EXERCISE PROMPT:
With the pictures removed, the data below must be transcribed in full and exactly.
GIVEN ENTRIES below:
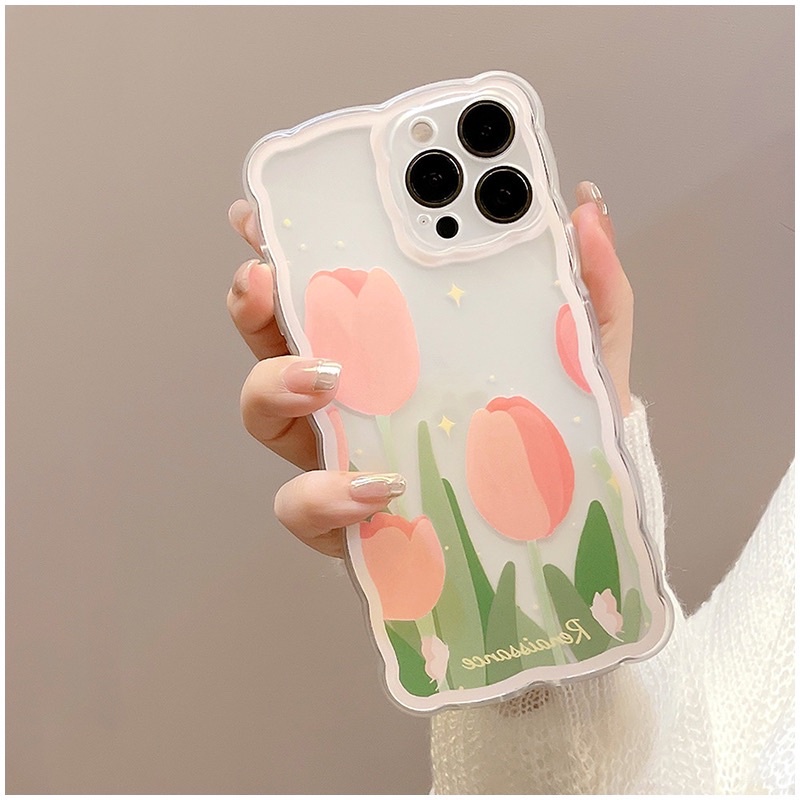 Transparan Tulip Softcase Bunga Case HP Lucu for iphone XS Max XR 11 Pro Max 12 Pro Max 13 Pro Max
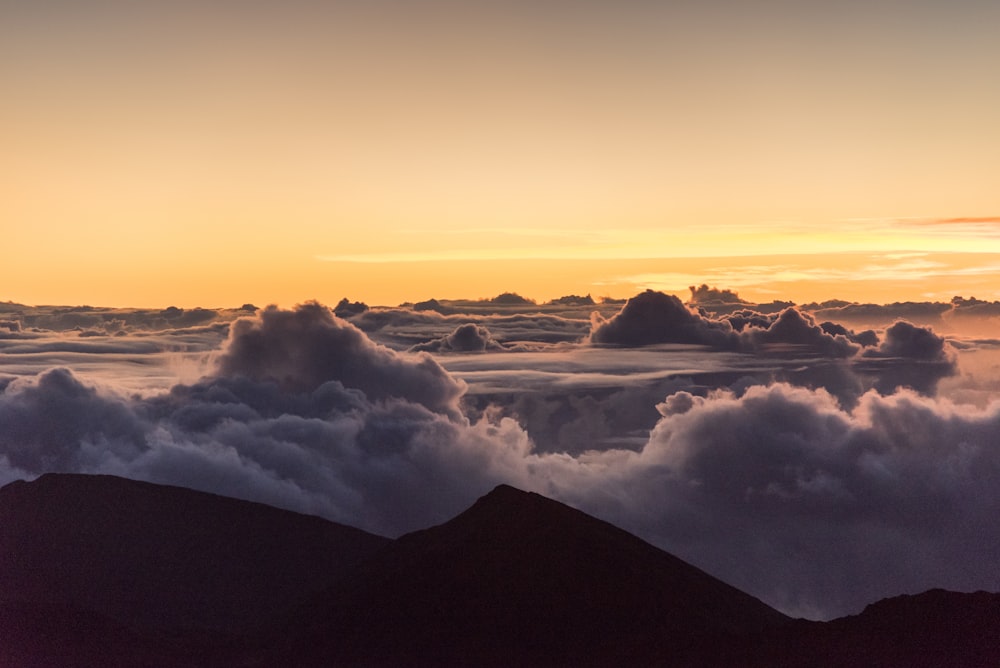 clouds during golden hour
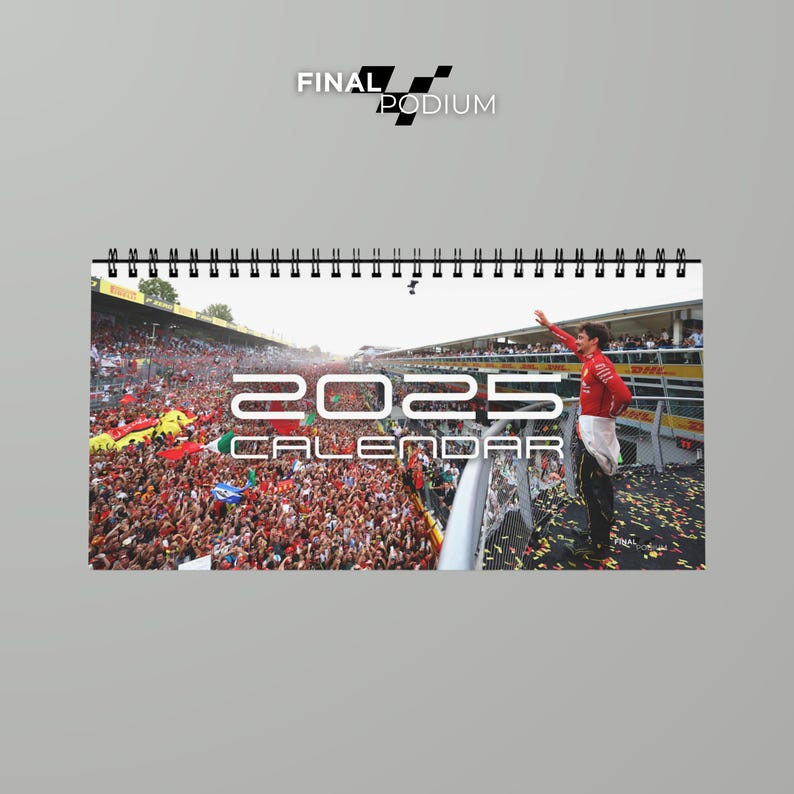 F1 Charles Leclerc 2025 Formula 1 Desk Calendar With All Races And High 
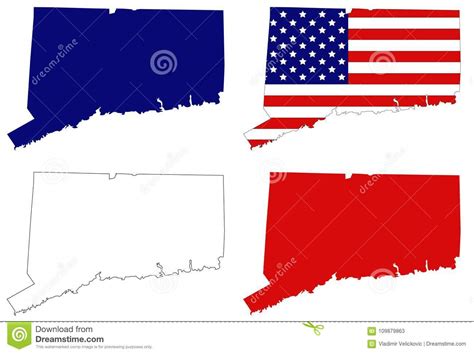 Connecticut Map With Usa Flag State Of The Northeastern United States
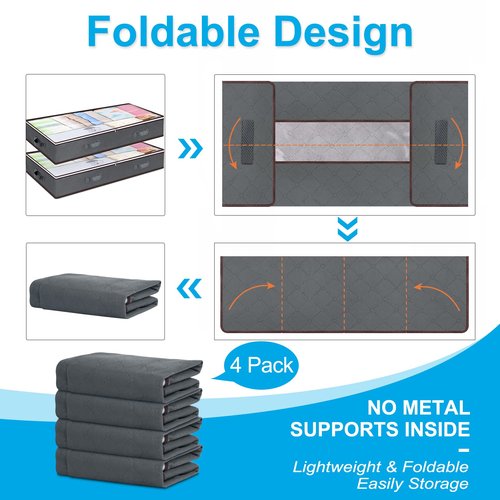 Budding Joy 90L Under Bed Storage Containers, Closet Organizers and Storage Bins, Foldable Underbed Storage Bags for Blanket, Clothing, Comforter, Sweaters, Pillows, Linen Sheets, Wrapping Paper, Grey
End of GIVEN ENTRIES.
ANSWER SECTION:
 Transparan Tulip Softcase Bunga Case HP Lucu for iphone XS Max XR 11 Pro Max 12 Pro Max 13 Pro Max
 clouds during golden hour
 F1 Charles Leclerc 2025 Formula 1 Desk Calendar With All Races And High 
 Connecticut Map With Usa Flag State Of The Northeastern United States
 Budding Joy 90L Under Bed Storage Containers, Closet Organizers and Storage Bins, Foldable Underbed Storage Bags for Blanket, Clothing, Comforter, Sweaters, Pillows, Linen Sheets, Wrapping Paper, Grey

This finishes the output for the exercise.